Acts 3 and 4 yielded some of the most satisfying listening dividends of the evening. The fake-Middle Eastern Bacchanale dance sequence – imitated again and again down the years by composers for trashy, Arabian Nights-type movies – came across in fine style. Laurels to Joel Marangella; his sinuous oboe line was heard to excellent advantage here.

Under Brian Castles-Onion’s direction, the W.A.Opera Chorus and vocal soloists did sterling work in making the listener aware of the cauldron of seething emotion that makes the closing Acts such compelling listening. Very much earlier in the piece, it was much to the credit of the choristers that they made the frankly tedious declamations that the composer gave to them sound better than they in fact are in operatic terms. Indeed, most of the choral work in Act I supports the argument, often put forward, that Saint Saens’ biblical epic might have had greater acceptance as an oratorio than as an opera.

But there are most certainly moments that make for the grandest of grand operatic effects.
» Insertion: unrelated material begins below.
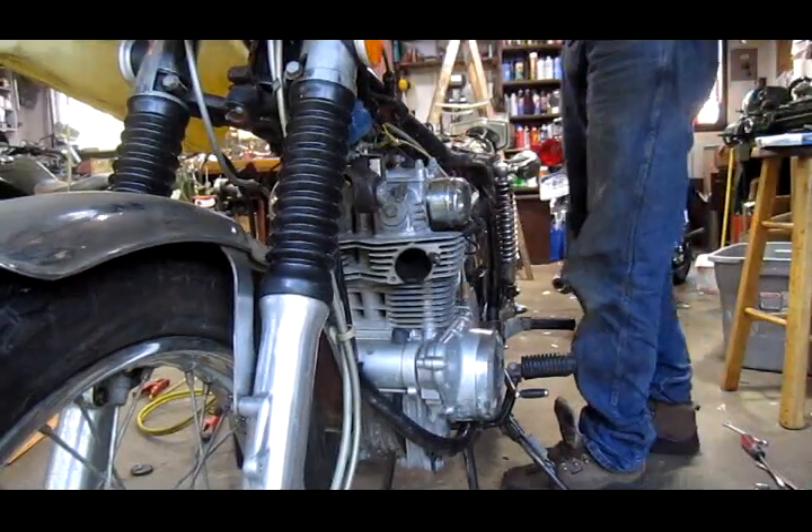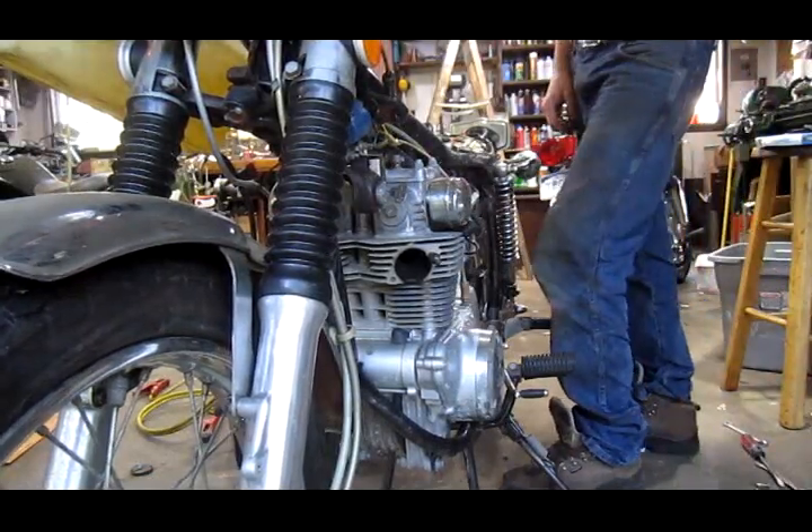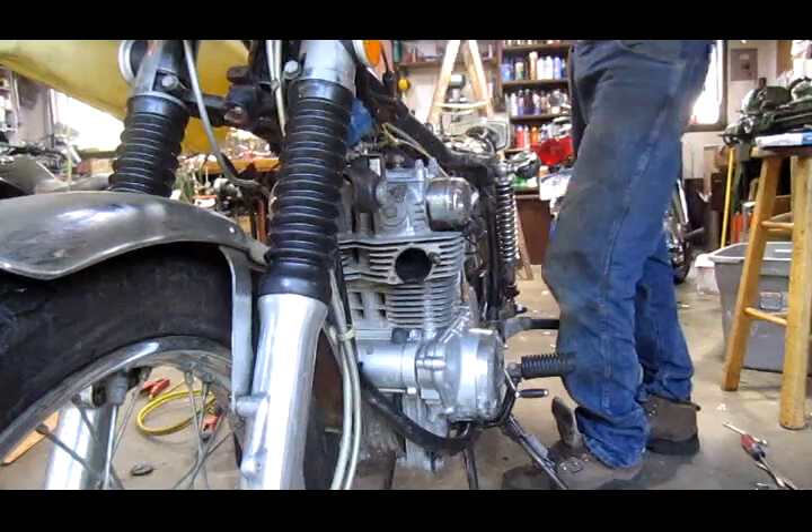So we're going to fire it up and let you see what your exhaust looks like coming out of your bike.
This is most powerfully the case with Delilah, towards the close of the work, relishing her moment of triumph after cutting Samson’s locks, with the High Priest (Bruce Martin) gloating over the muscle man’s downfall, only to have their comeuppance in the ruins of the temple.

For many an older member of the audience, this may well recall the closing moments of Cecil B. de Mille’s 1950’s movie epic starring Victor Mature and Hedy Lamarr in the film’s eponymous roles.

Smaller roles were taken by David Dockery (Abimelech) and Robert Hoffmann (Old Hebrew).

 

 

Adding to the pleasure of the evening was an unexpected bonus for all during the interval: a white-clad, gracefully gyrating gymnast held aloft by a big, illuminated helium balloon sailing to and fro above the gathered, fascinated throng, the balloon’s track path controlled by ropes gripped by two hefty young fellows on the ground. (The previous night, this delight sailed across PIAF goings-on at Kalgoorlie, with Port Hedland next on the list.)

I cannot readily recall an Opera in the Park presentation that scored so well on so many counts. Presenting Samson and Delilah would have been a calculated risk. That so many attended suggests that it is not necessarily the case that only safe, top-ten operas should be presented at these events. Let’s have more works that are less frequently encountered here. What about Tchaikowsky’s Eugene Onegin, Donizetti’s Elisir d’amore or Smetana’s The Bartered Bride?